### WHAT TO PRODUCE:
Copy the listing exactly, images excluded.

### DATA EXCERPT:
= = = =

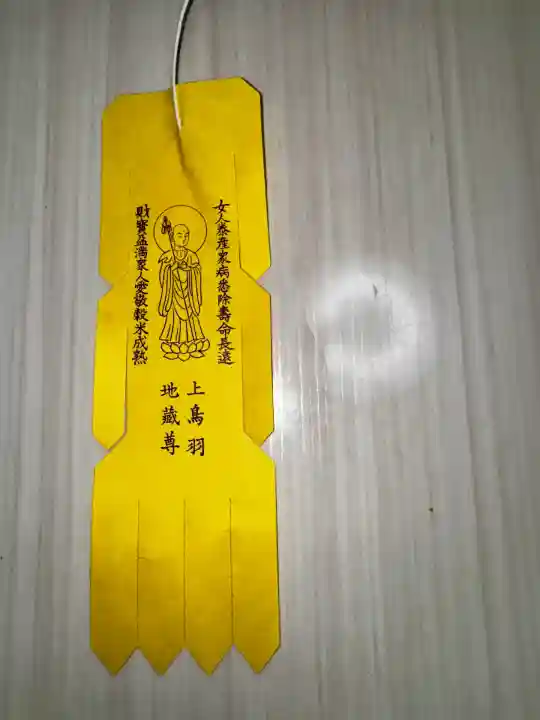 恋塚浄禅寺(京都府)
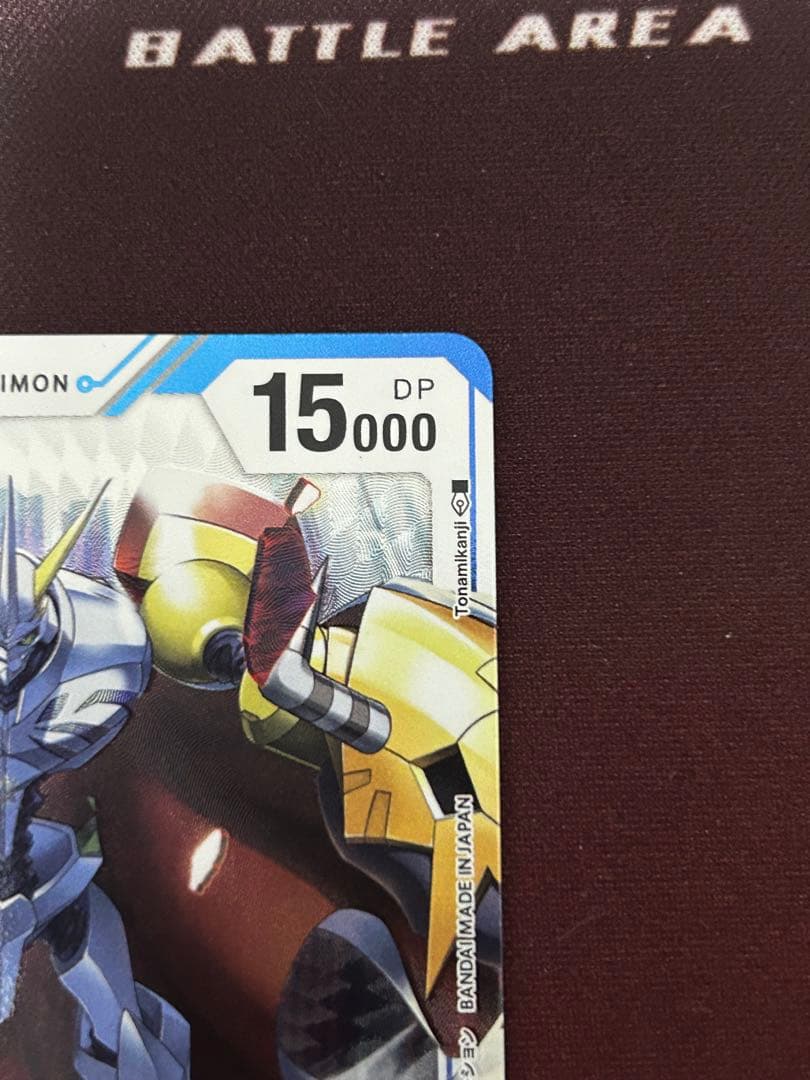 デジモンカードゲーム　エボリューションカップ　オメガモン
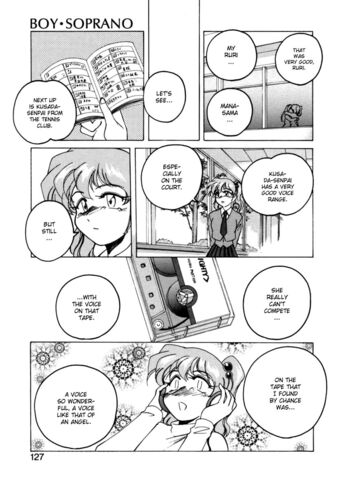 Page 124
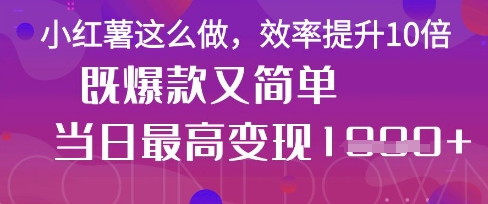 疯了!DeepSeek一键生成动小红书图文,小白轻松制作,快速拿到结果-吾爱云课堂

= = = =

### RESPONSE TO THE TASK:
 恋塚浄禅寺(京都府)
 デジモンカードゲーム　エボリューションカップ　オメガモン
 Page 124
 疯了!DeepSeek一键生成动小红书图文,小白轻松制作,快速拿到结果-吾爱云课堂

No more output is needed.